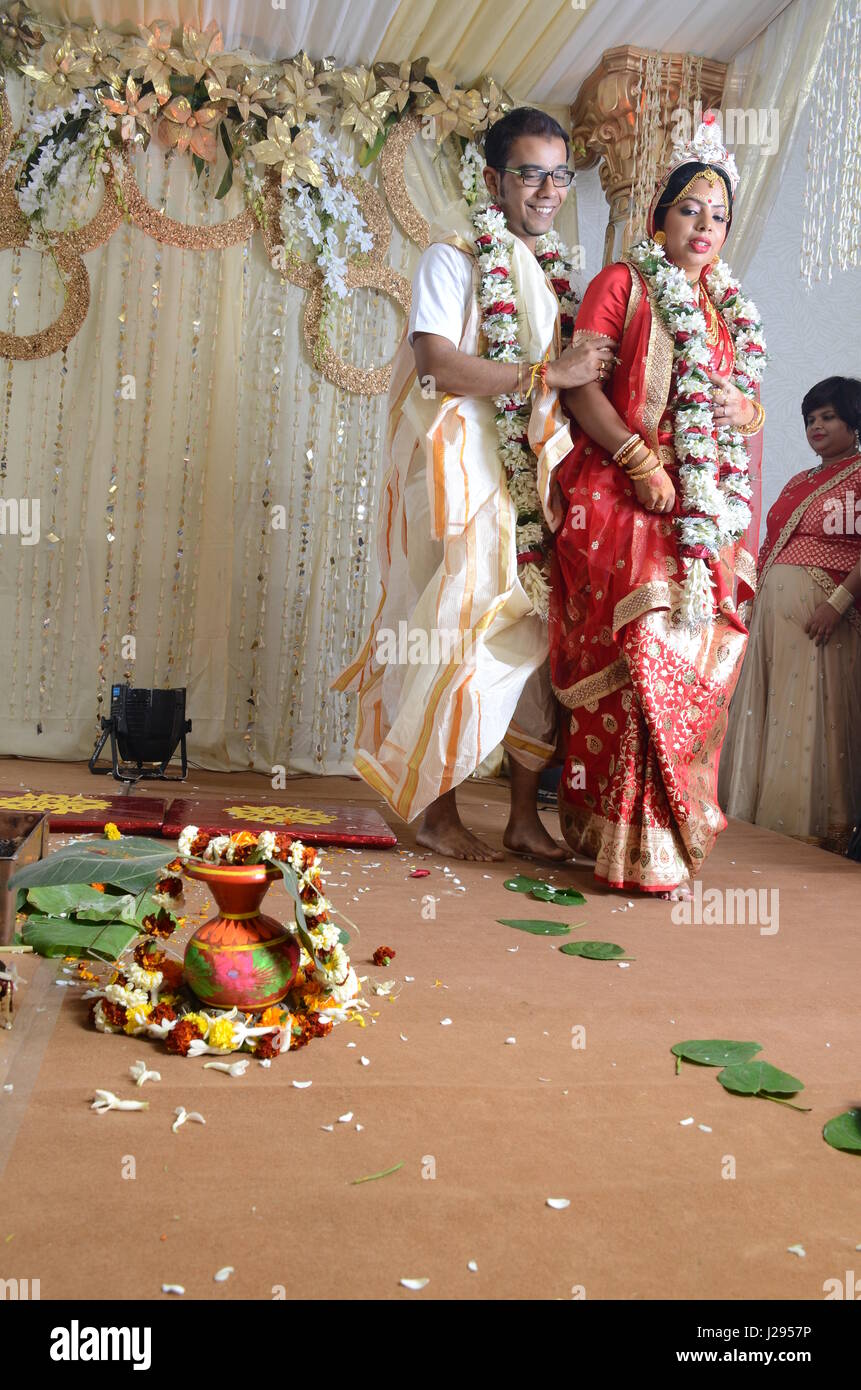 Bengali bride and groom in a marriage occasion Stock Photo - Alamy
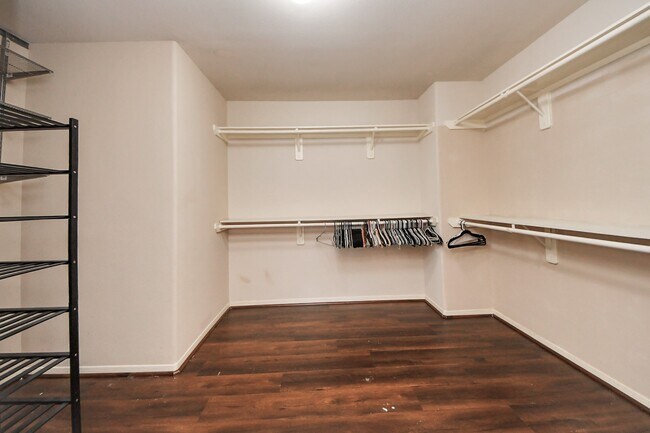 Building Photo - 5922 Hollister Cole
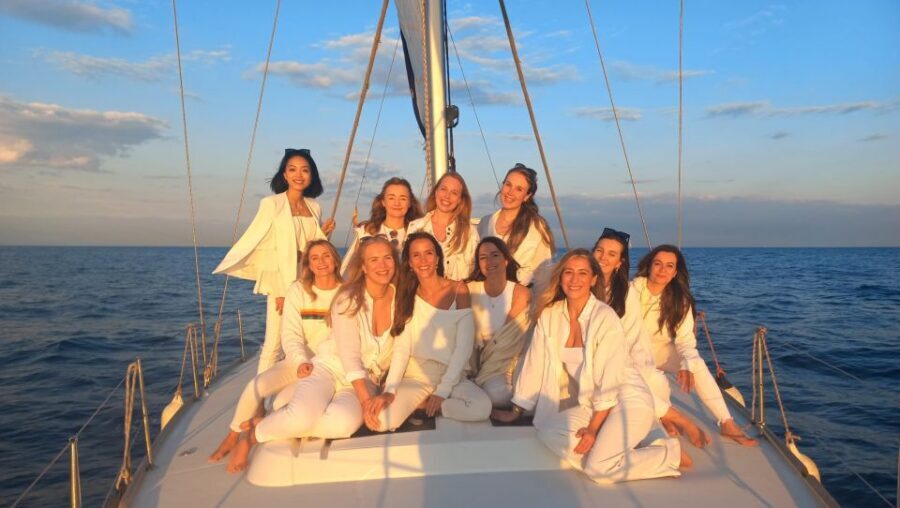 Barcelona: Luxury Private Sunset Yacht Cruise - When the skyline turns gold: W Hotel, Barceloneta, Olympic Towers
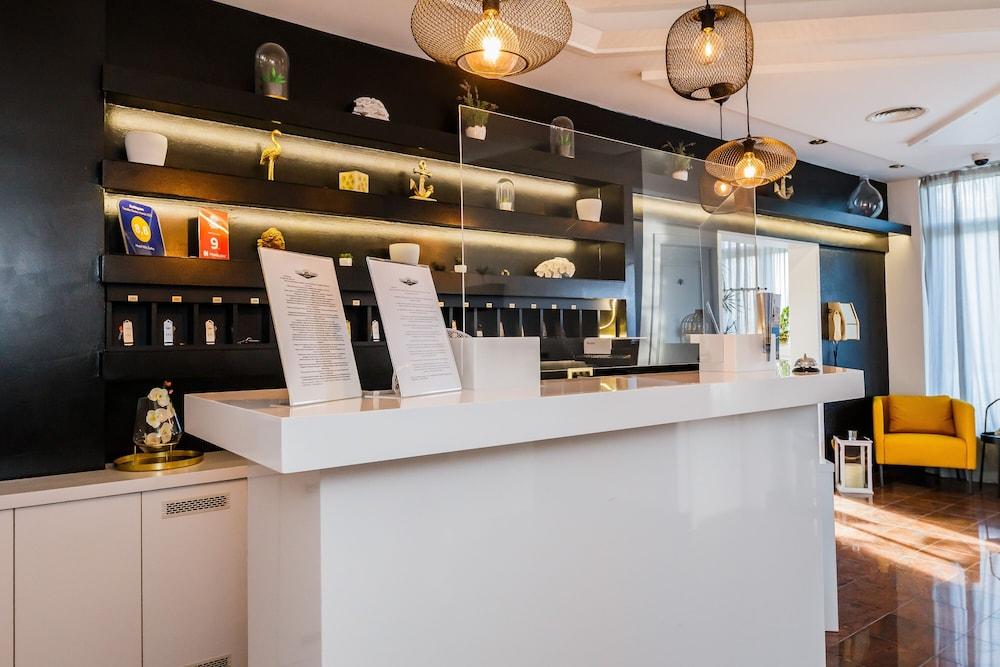 Hotel Villa Zarko Kaštel Stari Eksteriør billede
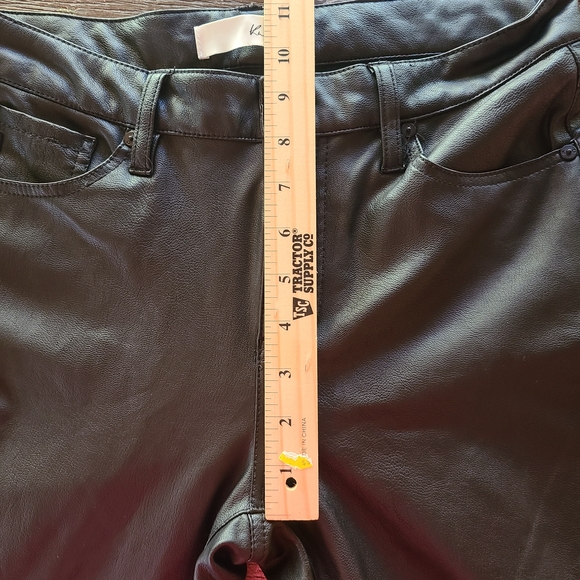 KanCan Black Flare Faux Leather Pants Size 9/28 - Picture 7 of 9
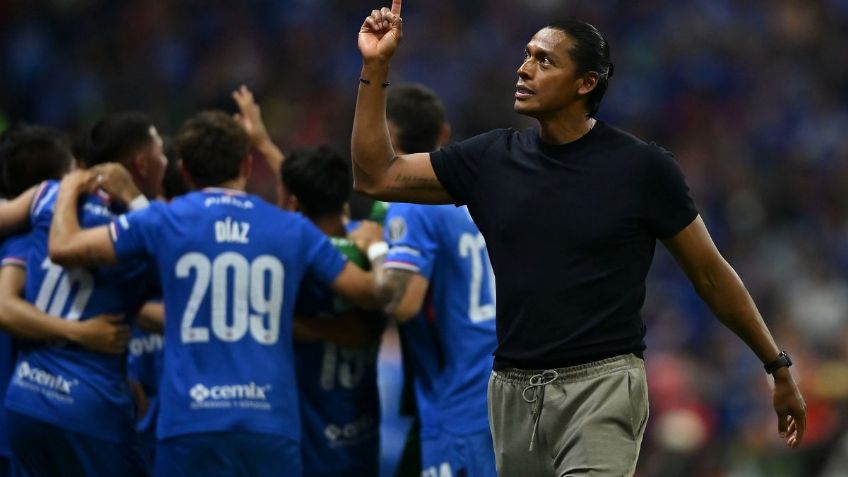 Cruz Azul podría mantener a Joel Huiqui para el Apertura 2026; ¿De qué dependería?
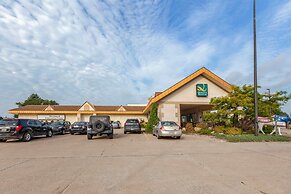 Quality Inn & Suites Escanaba North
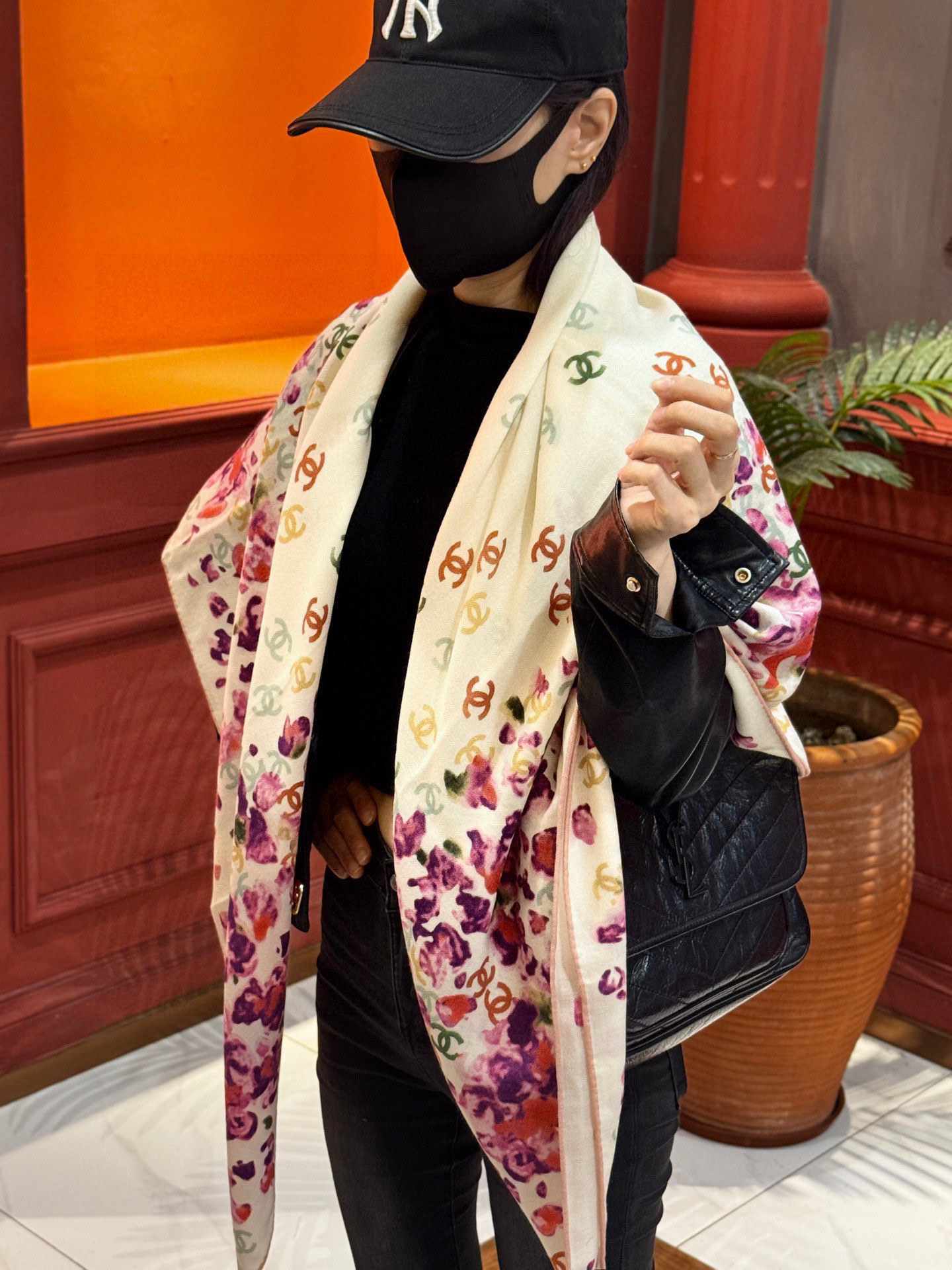 🌸·春日碎花20。 Chanel 140丝绒双面披肩25新款碎花花披肩超级有氛围感135*135cm的大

**TASK ITEM**
Set the entries down exactly, but not the pictures.

**EXERCISE SOLUTION**
 Bengali bride and groom in a marriage occasion Stock Photo - Alamy
 Building Photo - 5922 Hollister Cole
 Barcelona: Luxury Private Sunset Yacht Cruise - When the skyline turns gold: W Hotel, Barceloneta, Olympic Towers
 Hotel Villa Zarko Kaštel Stari Eksteriør billede
 KanCan Black Flare Faux Leather Pants Size 9/28 - Picture 7 of 9
 Cruz Azul podría mantener a Joel Huiqui para el Apertura 2026; ¿De qué dependería?
 Quality Inn & Suites Escanaba North
 🌸·春日碎花20。 Chanel 140丝绒双面披肩25新款碎花花披肩超级有氛围感135*135cm的大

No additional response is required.